0

I would like to store data in a compressed format between various applications (some in Python, some in Java, etc.) in such a way that:

  • the producer application can choose from among several formats (e.g. gzip/zstd/zlib/brotli)
  • the consumer application has all the information it needs to uncompress the data

Once the data is uncompressed, all applications know how to deal with the resulting information.

Is there a common/standard container format which includes the compression algorithm type? (e.g. prepending the compressed data with a MIME type in ASCII) Or do the compressed data from most methods already contain a header and magic number that allow the compression type to be determined?

Jason S
  • 184,598
  • 164
  • 608
  • 970
  • https://stackoverflow.com/questions/39008957/is-there-a-way-to-check-if-a-buffer-is-in-brotli-compressed-format seems to indicate that brotli isn't autodetectable :/ – Jason S Nov 04 '20 at 16:53
  • zstd starts with hex `28 b5 2f fd` (https://github.com/facebook/zstd/blob/dev/doc/zstd_compression_format.md#zstandard-frames) – Jason S Nov 04 '20 at 17:59

1 Answers1

2

The zip format is quite common, and specifies the compression algorithm. It has method numbers for deflate (8), which is used by gzip and zlib, and zstd (93), but not brotli yet. Also has xz (95).

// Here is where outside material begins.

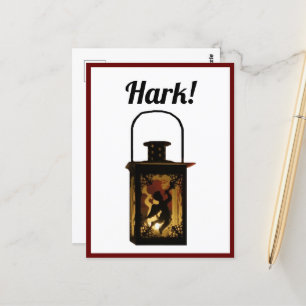 Carte Postale Ange de Noël Lanterne Décor de vacances d'hiver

As for individual wrappers, that's what zlib and gzip are, and zstd has a detectable wrapper. raw brotli, however, is difficult to detect. I am not aware of consistent use of a brotli wrapper. See this lovely answer for why. There was a proposal for a brotli wrapper (also lovely), but I don't think it is in use.

Mark Adler
  • 101,978
  • 13
  • 118
  • 158